If so, we should open up ANWR to corn farming.
This is always good news. An additional item they need to develop is an ethanol converter that can be installed on older cars, rather inexpensively. That will only speed up the conversion. A nice tax break for the conversion should be afforded to anyone doing it also.

yeah but now the price of popcorn is going to go up
There doesn't seem to be a politician willing to say the Emporer has no clothes. It looks like this giant and useless subsidy is locked in. It's a good time to be a corn farmer on the government dole.
I thought that non-corn-based ethanol was a better deal, in terms of both cost to produce and energy output vs input.
Some have challenged that claim as bogus. What about Brazil?
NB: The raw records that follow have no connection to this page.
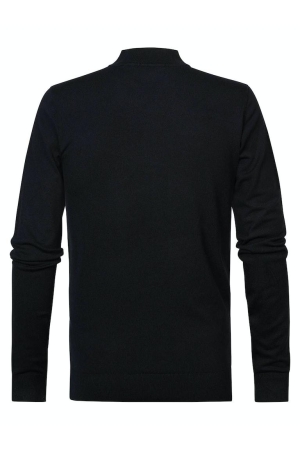 Petrol Petrol truien Trui 9091 dark black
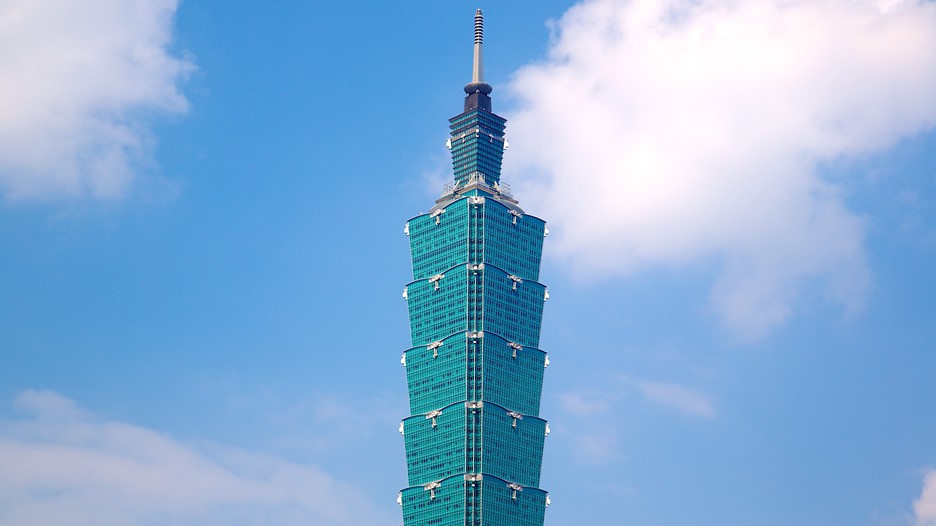 Day Time view Of The Taipei 101 Tower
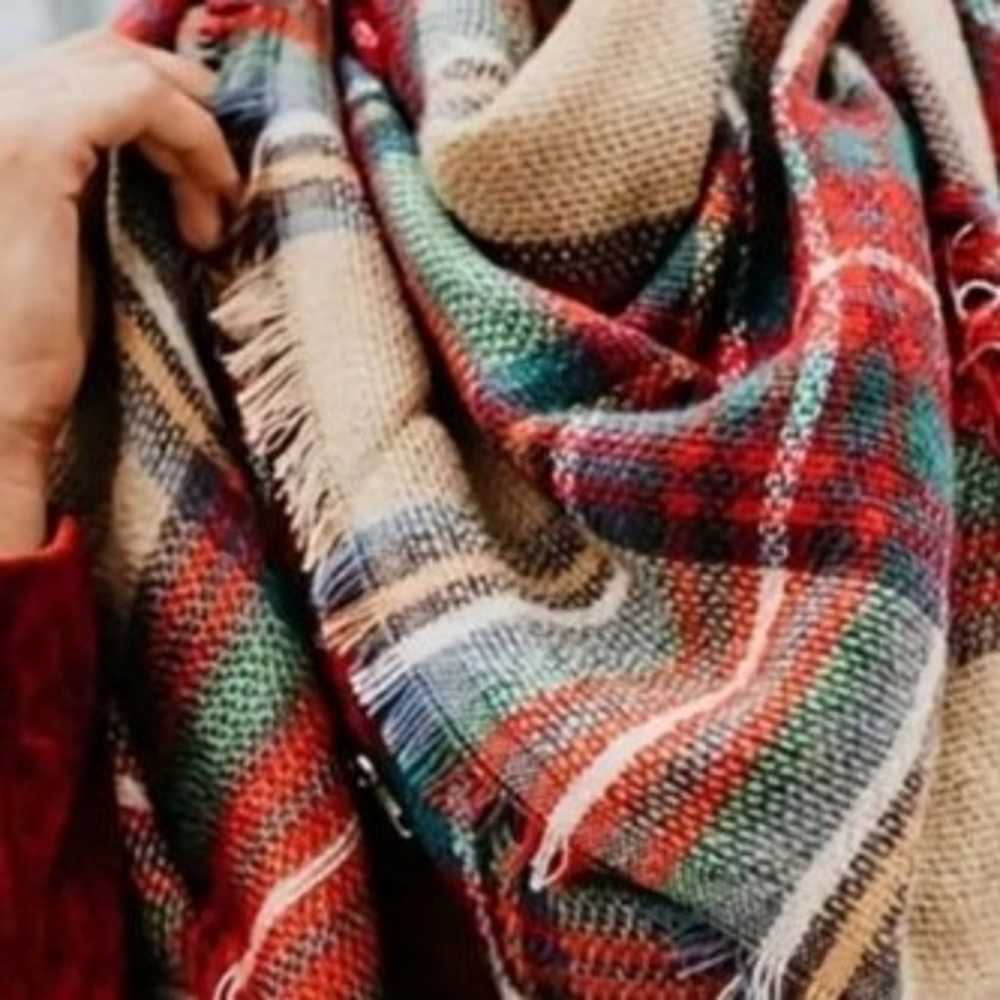 Plaid Tartan Infinity Scarf - image 7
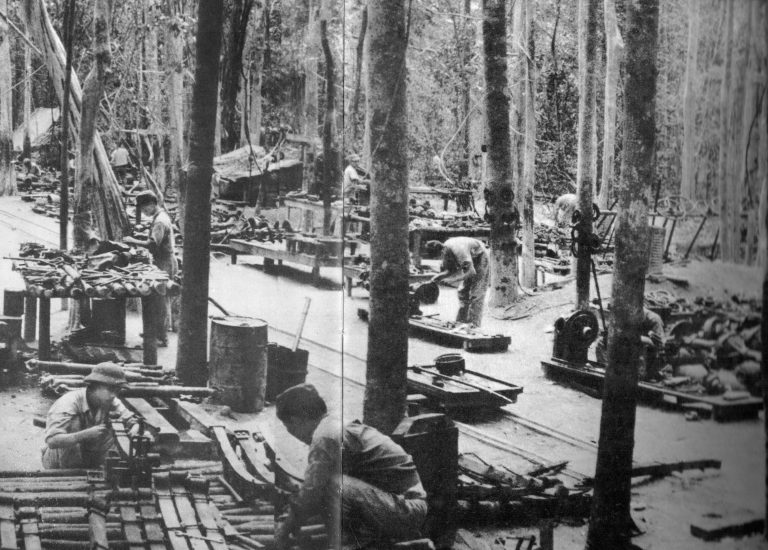 a station on the Ho Chi Minh Trail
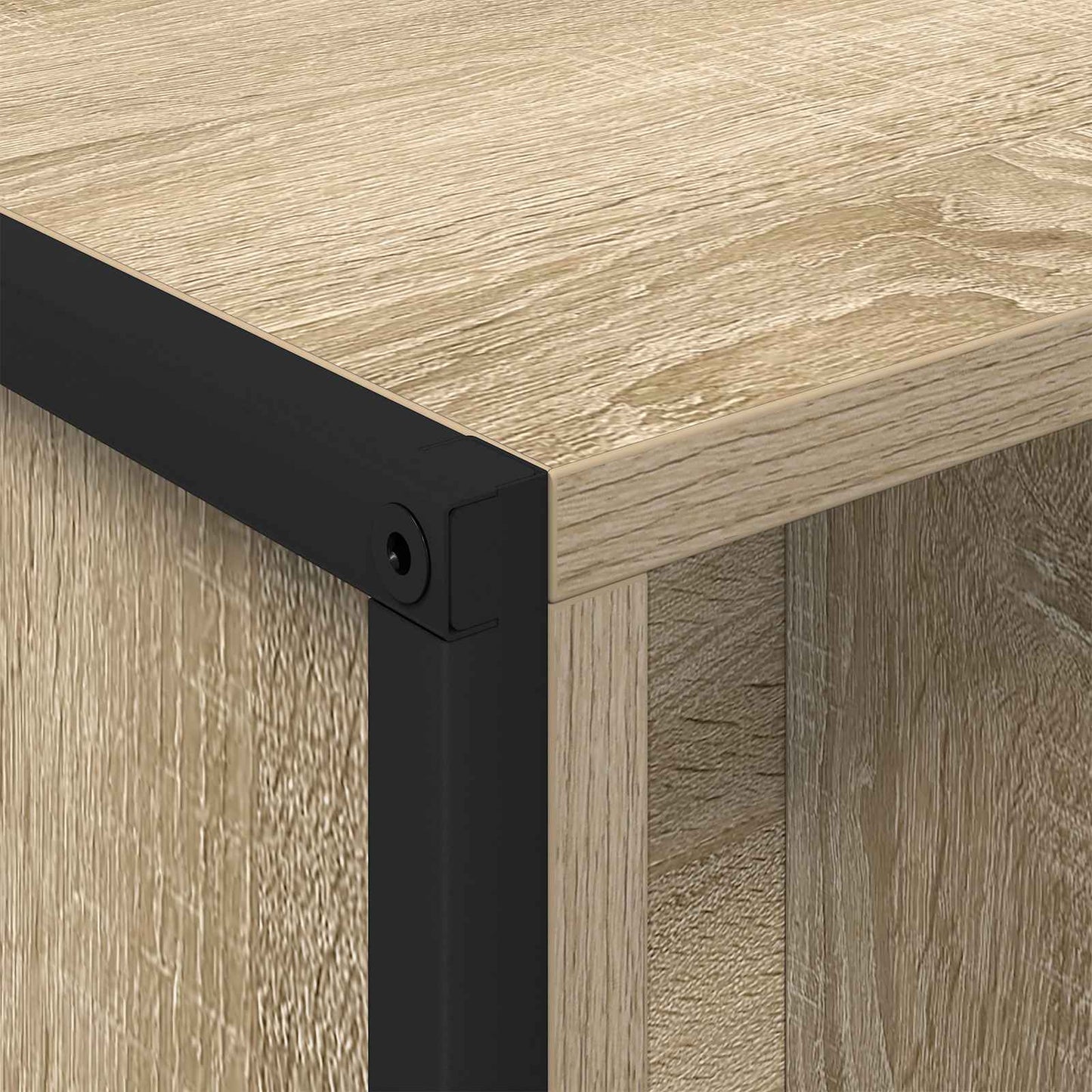 vidaXL Book Cabinet Sonoma 68 x 30 x 108.5 cm Engineered Wood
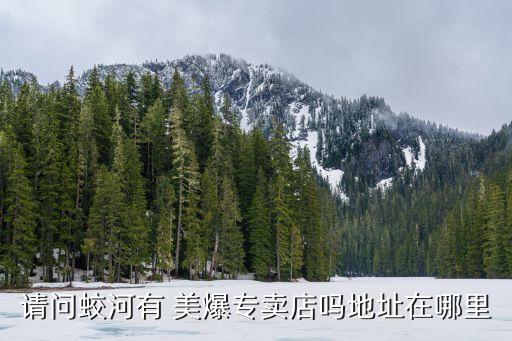请问蛟河有 美爆专卖店吗地址在哪里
They have been doing this big time for a while. You're telling me that they (or someone else) have not analyzed their ethanol and gasoline consumption in this regards?
That's what I've been reading: there are far more efficient plants that grow in North America for making Ethanol. Corn fuel just enriches Archer-Daniels-Midland. . .
Not at $4.95 a gallon!
Something very shaky about this claim re: takes more energy to produce than is in what is produced. Well, who cares? If you can use solar power at the ethanol production plant, who cares if the joules consumed > joules produced?
FYI, this claim is probably bogus. The claim that is NOT bogus is the sheer acreage that would have to be switched to corn to equal the energy consumed by gasoline per year. That equation is legitimate, and as best I can tell it exceeds the acreage of land in the US, period, not just agriculture land. Total land.
But you CAN put a dent in the gasoline consumption and that by itself would cause oil prices to collapse.
Even though ethanol production is wasteful as compared gasoline the advantage is that all the components can be domestic.